ACTIVITY | Only the text belongs in the copy: repeat each record exactly, without pictures.

SUPPLIED DATA |
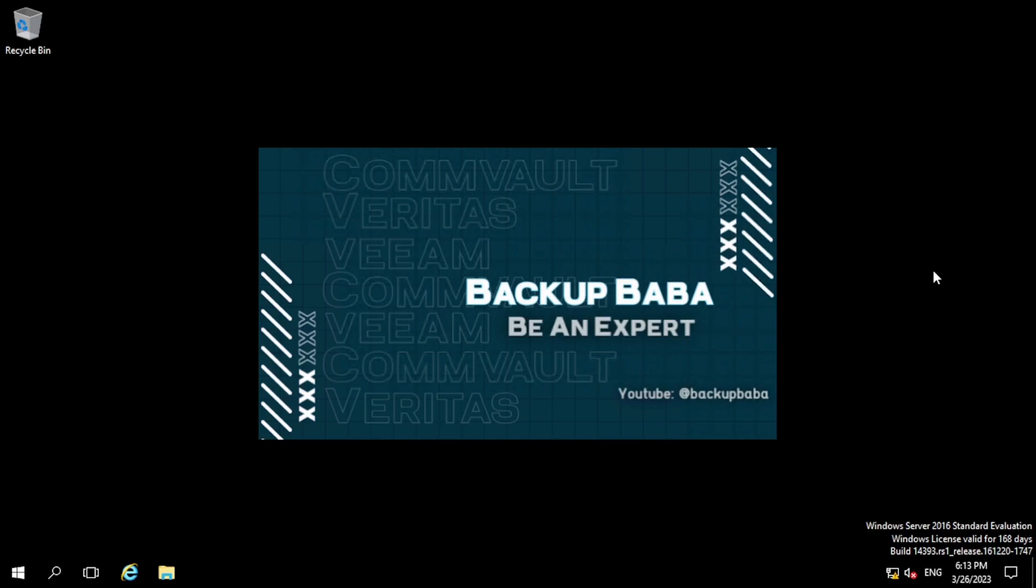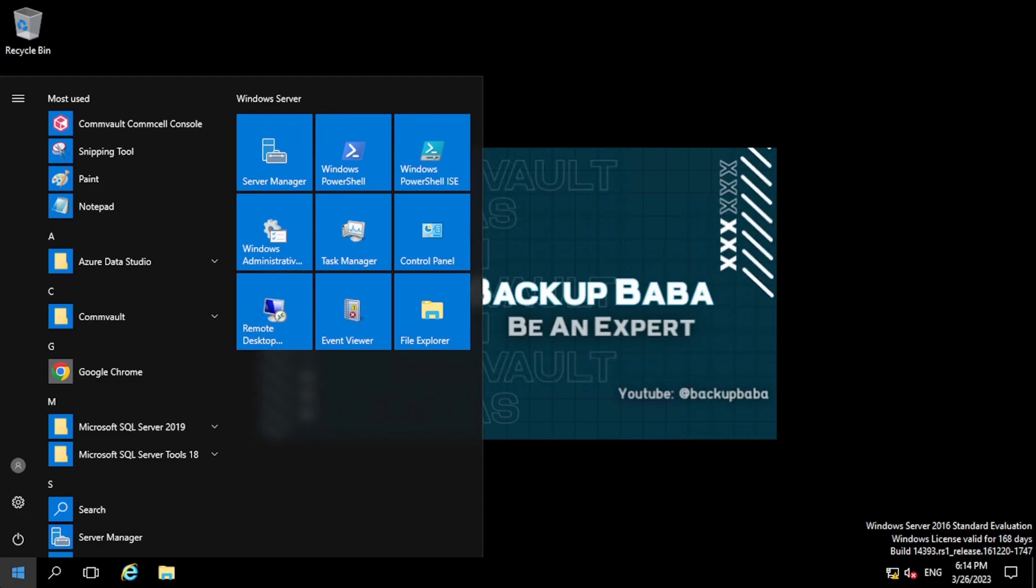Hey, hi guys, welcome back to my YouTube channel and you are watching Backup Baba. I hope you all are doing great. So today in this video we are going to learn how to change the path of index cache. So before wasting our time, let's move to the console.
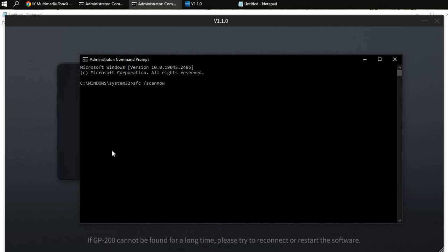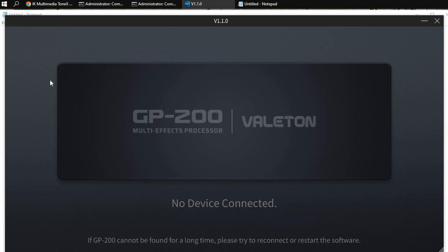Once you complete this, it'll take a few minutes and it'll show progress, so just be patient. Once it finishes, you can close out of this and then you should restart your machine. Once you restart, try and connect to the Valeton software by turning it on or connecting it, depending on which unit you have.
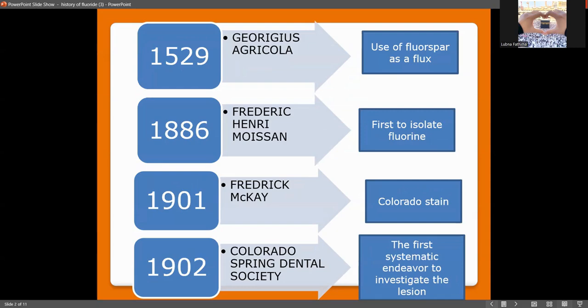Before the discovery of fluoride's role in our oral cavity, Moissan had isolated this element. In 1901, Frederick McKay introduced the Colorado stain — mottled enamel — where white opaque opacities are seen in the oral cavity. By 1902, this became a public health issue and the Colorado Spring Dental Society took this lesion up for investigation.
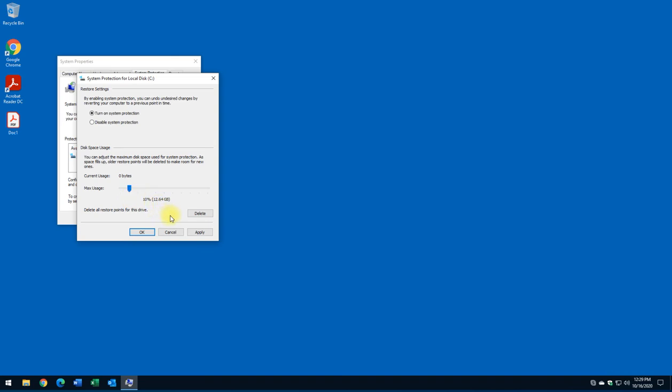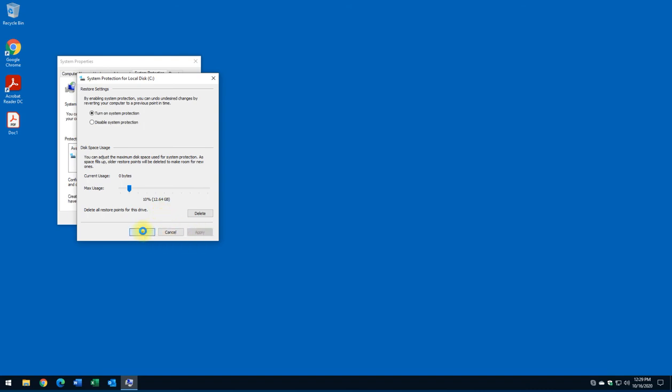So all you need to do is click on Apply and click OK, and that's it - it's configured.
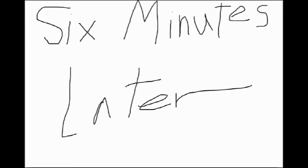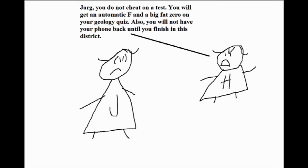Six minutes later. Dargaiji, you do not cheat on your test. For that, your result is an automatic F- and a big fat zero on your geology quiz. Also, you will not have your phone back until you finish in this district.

OUTPUT FOR THIS TASK |
Hey, hi guys, welcome back to my YouTube channel and you are watching Backup Baba. I hope you all are doing great. So today in this video we are going to learn how to change the path of index cache. So before wasting our time, let's move to the console.
Once you complete this, it'll take a few minutes and it'll show progress, so just be patient. Once it finishes, you can close out of this and then you should restart your machine. Once you restart, try and connect to the Valeton software by turning it on or connecting it, depending on which unit you have.
Before the discovery of fluoride's role in our oral cavity, Moissan had isolated this element. In 1901, Frederick McKay introduced the Colorado stain — mottled enamel — where white opaque opacities are seen in the oral cavity. By 1902, this became a public health issue and the Colorado Spring Dental Society took this lesion up for investigation.
So all you need to do is click on Apply and click OK, and that's it - it's configured.
Six minutes later. Dargaiji, you do not cheat on your test. For that, your result is an automatic F- and a big fat zero on your geology quiz. Also, you will not have your phone back until you finish in this district.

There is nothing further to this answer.